Le résultat final de ces changements accroît donc le risque pour l’industrie à un moment où la minimisation du risque est essentielle pour relever les défis du commerce transfrontalier et de la chaîne d’approvisionnement.
Nos homologues américains ont une politique très différente en ce qui concerne l’importateur officiel dans le volet occasionnel, car aucune responsabilité n’est imposée au courtier.
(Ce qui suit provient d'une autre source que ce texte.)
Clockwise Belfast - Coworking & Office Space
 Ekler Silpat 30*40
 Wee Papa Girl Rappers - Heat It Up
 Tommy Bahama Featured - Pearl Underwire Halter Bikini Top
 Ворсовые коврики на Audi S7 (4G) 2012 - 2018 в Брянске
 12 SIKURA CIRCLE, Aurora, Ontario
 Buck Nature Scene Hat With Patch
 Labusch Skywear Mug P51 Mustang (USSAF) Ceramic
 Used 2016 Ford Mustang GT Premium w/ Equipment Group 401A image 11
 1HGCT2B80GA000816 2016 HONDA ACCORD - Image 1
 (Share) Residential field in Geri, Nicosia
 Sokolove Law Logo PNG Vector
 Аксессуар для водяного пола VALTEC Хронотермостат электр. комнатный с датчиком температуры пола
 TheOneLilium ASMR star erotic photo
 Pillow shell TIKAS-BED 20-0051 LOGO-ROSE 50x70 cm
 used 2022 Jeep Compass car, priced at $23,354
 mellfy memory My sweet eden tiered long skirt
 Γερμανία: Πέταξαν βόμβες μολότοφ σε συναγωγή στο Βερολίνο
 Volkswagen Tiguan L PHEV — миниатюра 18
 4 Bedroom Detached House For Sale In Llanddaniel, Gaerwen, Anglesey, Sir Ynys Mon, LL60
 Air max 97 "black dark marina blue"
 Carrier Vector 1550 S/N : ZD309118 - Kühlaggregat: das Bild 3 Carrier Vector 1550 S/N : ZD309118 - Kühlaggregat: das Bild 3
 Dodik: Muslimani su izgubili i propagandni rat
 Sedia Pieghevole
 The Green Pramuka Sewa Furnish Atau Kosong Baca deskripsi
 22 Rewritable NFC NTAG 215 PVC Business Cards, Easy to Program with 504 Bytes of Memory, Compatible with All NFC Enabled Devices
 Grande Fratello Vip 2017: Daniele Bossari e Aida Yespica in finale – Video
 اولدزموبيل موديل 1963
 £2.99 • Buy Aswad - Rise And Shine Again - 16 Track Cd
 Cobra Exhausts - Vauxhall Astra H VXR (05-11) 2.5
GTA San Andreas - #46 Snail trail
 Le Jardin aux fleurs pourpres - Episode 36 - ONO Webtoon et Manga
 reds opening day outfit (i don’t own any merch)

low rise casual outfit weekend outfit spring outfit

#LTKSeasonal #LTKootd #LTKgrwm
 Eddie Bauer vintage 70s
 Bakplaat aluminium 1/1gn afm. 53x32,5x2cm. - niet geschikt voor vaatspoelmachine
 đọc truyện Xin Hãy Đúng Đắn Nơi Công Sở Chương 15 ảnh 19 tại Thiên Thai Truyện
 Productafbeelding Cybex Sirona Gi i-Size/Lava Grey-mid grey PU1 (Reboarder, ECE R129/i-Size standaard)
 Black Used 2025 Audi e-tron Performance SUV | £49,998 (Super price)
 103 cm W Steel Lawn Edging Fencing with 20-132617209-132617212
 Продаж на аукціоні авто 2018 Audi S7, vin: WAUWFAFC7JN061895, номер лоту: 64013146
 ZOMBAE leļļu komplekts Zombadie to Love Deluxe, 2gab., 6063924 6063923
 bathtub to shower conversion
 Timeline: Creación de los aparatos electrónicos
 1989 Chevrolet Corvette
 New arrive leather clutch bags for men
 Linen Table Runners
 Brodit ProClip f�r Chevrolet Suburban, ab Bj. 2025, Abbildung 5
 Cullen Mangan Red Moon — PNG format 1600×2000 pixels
En tant qu’entreprise qui travaille en étroite collaboration avec le gouvernement et qui a toujours joué un rôle actif dans le processus d’élaboration des politiques publiques, nous respectons et comprenons le besoin d’assurer la confidentialité des documents confidentiels du Cabinet et le fait que les décisions nécessitent un processus de délibération qui ne peut être divulgué avant le dépôt. Nous sommes heureux d’avoir la possibilité d’entamer un dialogue constructif avec l’ASFC, l’Agence des services frontaliers du Canada, pour promouvoir le commerce et adopter des pratiques respectueuses de la loi. Cependant, nous nous sommes rendu compte, par des agissements plutôt que des actions, qu’il semble y avoir un changement de position de la part de l’ASFC concernant l’engagement des intervenants. Nos récentes conversations de travail sont maintenant caractérisées par moins de collaboration et, en fait, moins de transparence.
Dans les circonstances actuelles, pourquoi faire courir des risques indus à cette industrie alors que nous devrions travailler ensemble pour faciliter l’amélioration du commerce légitime?
Je serai heureuse de répondre à vos questions sur nos préoccupations liées à la perception de responsabilités partagées et de vous expliquer plus en détail notre point de vue sur les répercussions de ce projet de loi sur Livingston et notre industrie. Je vous remercie encore une fois du temps que vous m’avez accordé cet après-midi.
Le président : Je vous remercie, madame Sider, et je remercie tous les témoins de leurs exposés très utiles. Nous allons maintenant passer aux questions. Nous avons peu de temps et une longue liste de sénateurs qui veulent en savoir plus. Je vais donc limiter le temps pour les questions et les réponses à trois minutes pour le moment. Chers collègues, je vous demande encore une fois de mentionner à qui s’adressent vos questions et d’être brefs pour permettre le plus grand nombre d’interventions possible. Moins de temps pour la question veut dire plus de temps pour la réponse.
[Français]
Le sénateur Dagenais : Ma question s’adresse à Mme Latimer. On sait que lutter contre la contrebande d’objets interdits par d’autres moyens que les cellules nues n’est pas facile. Auriez-vous des suggestions positives qui pourraient être acceptées par les détenus et qui mèneraient au même résultat, soit la découverte d’objets interdits? On ne peut quand même pas fermer les yeux sur ces situations qui peuvent être dangereuses pour les autres détenus et aussi pour le personnel carcéral.
[Traduction]
Mme Latimer : Je vous remercie, sénateur Dagenais.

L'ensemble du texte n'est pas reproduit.